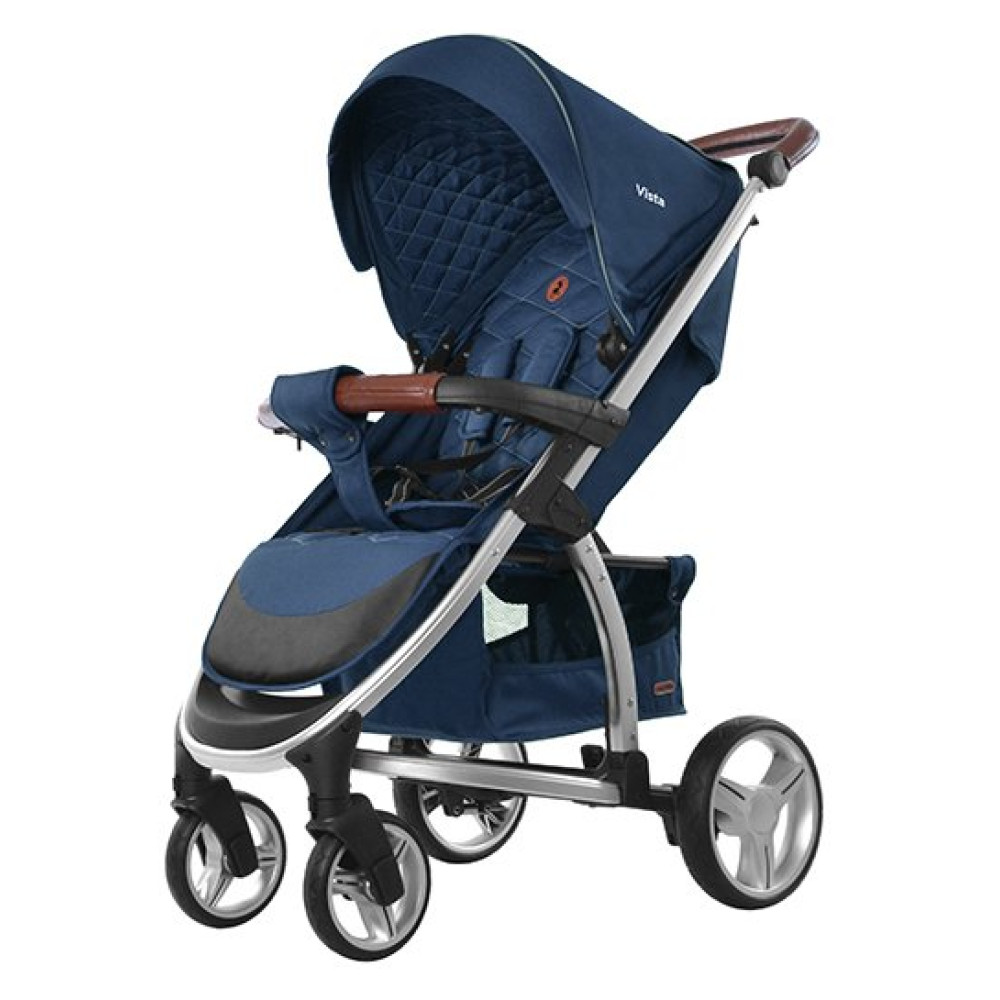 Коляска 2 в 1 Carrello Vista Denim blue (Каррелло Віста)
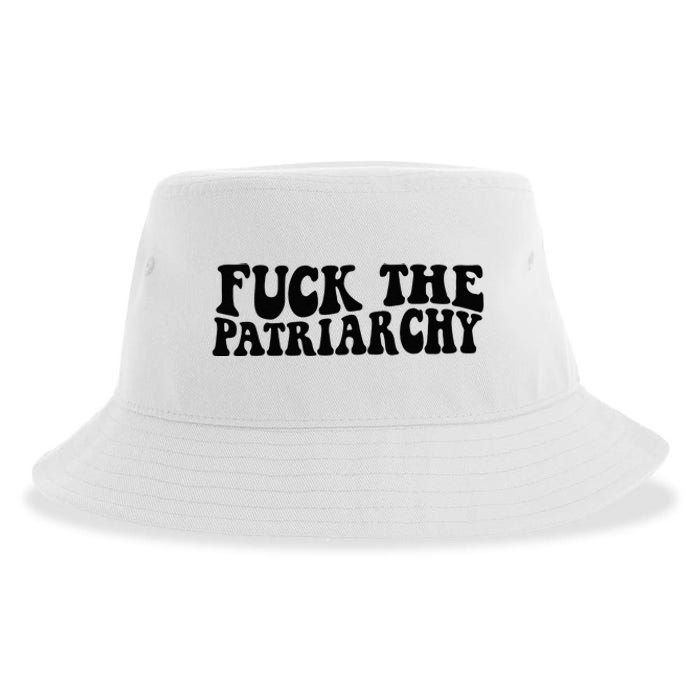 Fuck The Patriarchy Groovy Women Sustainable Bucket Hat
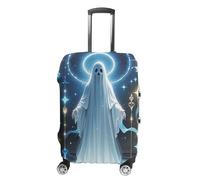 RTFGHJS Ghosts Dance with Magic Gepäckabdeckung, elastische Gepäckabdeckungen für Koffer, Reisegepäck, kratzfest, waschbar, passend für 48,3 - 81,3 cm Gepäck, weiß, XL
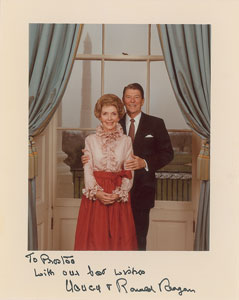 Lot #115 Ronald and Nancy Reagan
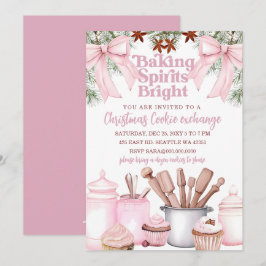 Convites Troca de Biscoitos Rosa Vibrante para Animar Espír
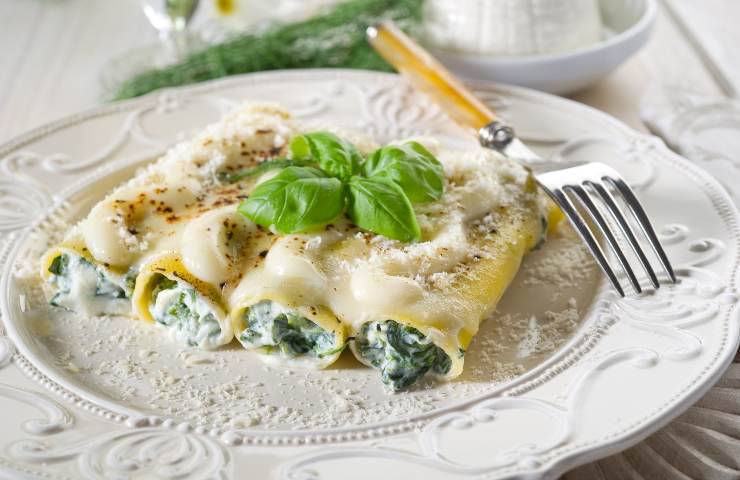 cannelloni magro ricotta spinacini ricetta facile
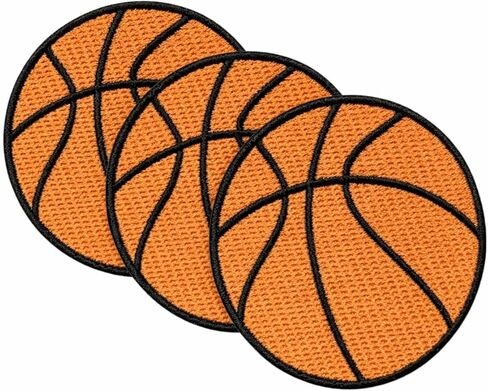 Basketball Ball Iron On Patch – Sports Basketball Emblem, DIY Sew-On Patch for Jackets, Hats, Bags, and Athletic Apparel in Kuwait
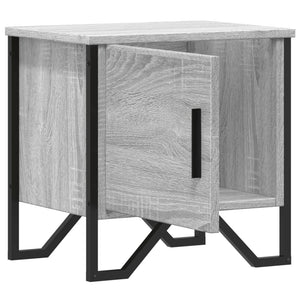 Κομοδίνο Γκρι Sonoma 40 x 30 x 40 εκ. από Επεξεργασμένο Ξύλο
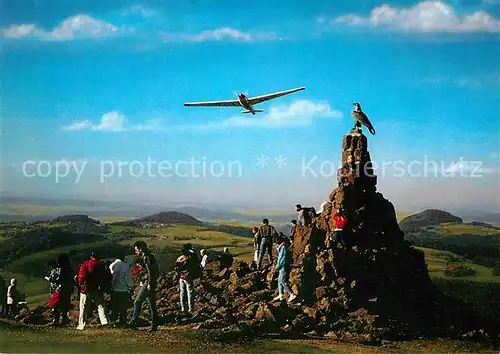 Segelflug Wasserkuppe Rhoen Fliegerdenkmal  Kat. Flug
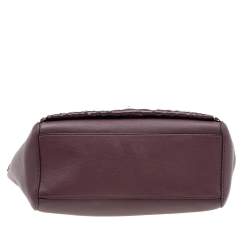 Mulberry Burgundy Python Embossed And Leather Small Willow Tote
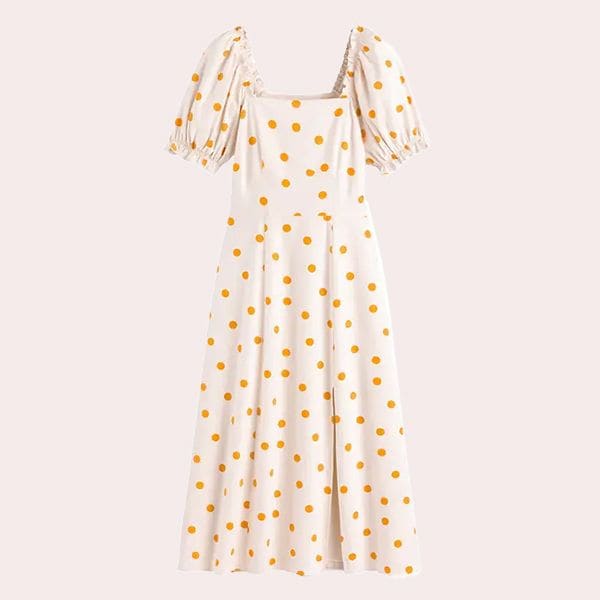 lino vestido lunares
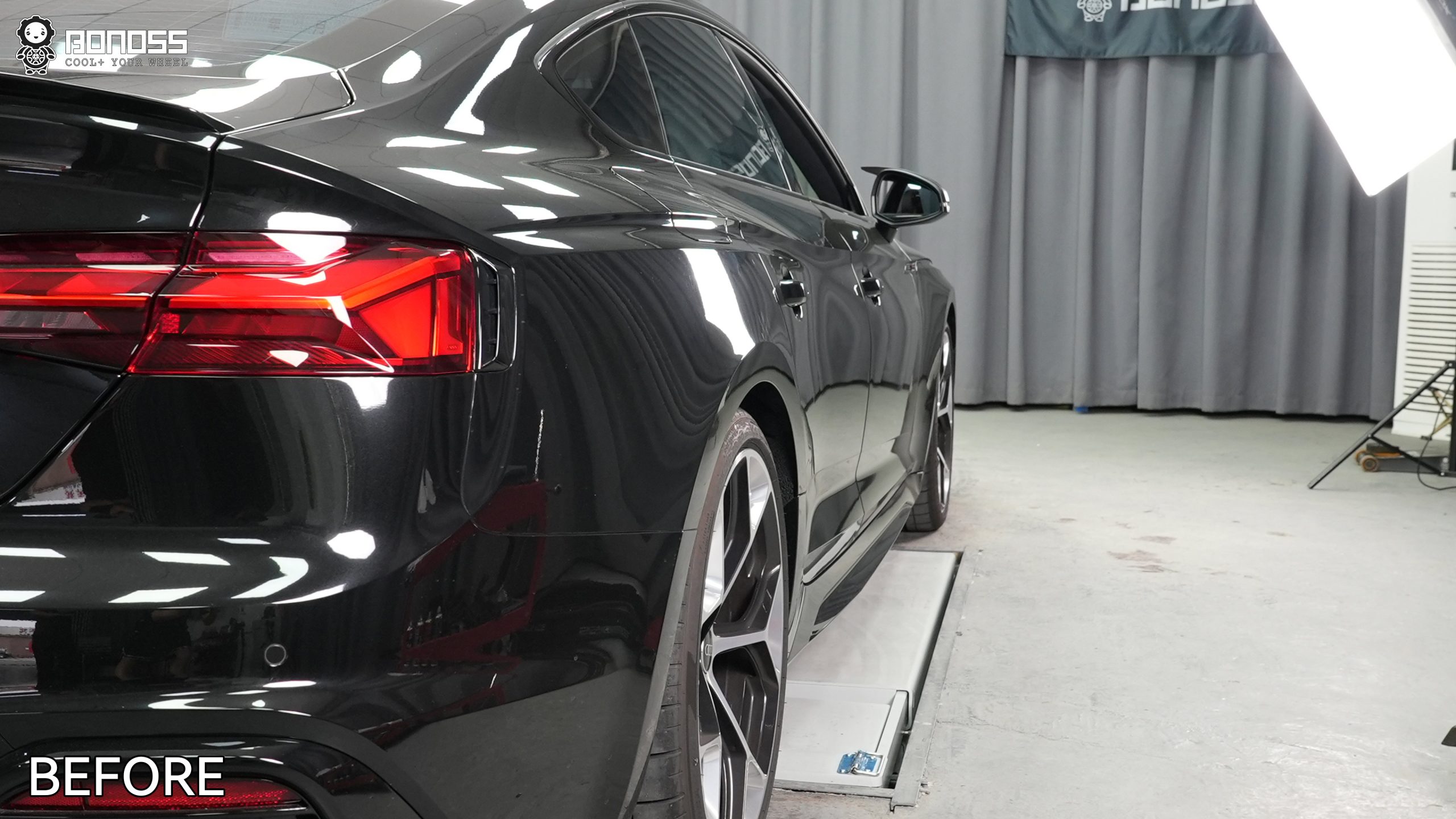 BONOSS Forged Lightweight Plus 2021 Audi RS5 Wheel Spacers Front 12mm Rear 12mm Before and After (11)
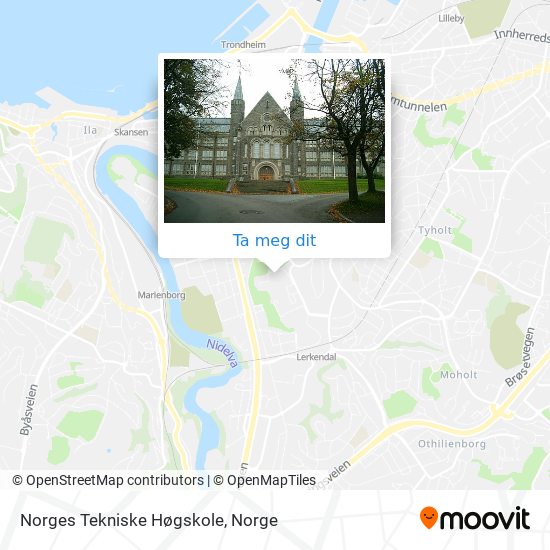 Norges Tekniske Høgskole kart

DESCRIPTION OF THE TASK: Each record is to be written out exactly. No picture goes in.

RESULT OF THIS EXERCISE:
 Коляска 2 в 1 Carrello Vista Denim blue (Каррелло Віста)
 Fuck The Patriarchy Groovy Women Sustainable Bucket Hat
 RTFGHJS Ghosts Dance with Magic Gepäckabdeckung, elastische Gepäckabdeckungen für Koffer, Reisegepäck, kratzfest, waschbar, passend für 48,3 - 81,3 cm Gepäck, weiß, XL
 Lot #115 Ronald and Nancy Reagan
 Convites Troca de Biscoitos Rosa Vibrante para Animar Espír
 cannelloni magro ricotta spinacini ricetta facile
 Basketball Ball Iron On Patch – Sports Basketball Emblem, DIY Sew-On Patch for Jackets, Hats, Bags, and Athletic Apparel in Kuwait
 Κομοδίνο Γκρι Sonoma 40 x 30 x 40 εκ. από Επεξεργασμένο Ξύλο
 Segelflug Wasserkuppe Rhoen Fliegerdenkmal  Kat. Flug
 Mulberry Burgundy Python Embossed And Leather Small Willow Tote
 lino vestido lunares
 BONOSS Forged Lightweight Plus 2021 Audi RS5 Wheel Spacers Front 12mm Rear 12mm Before and After (11)
 Norges Tekniske Høgskole kart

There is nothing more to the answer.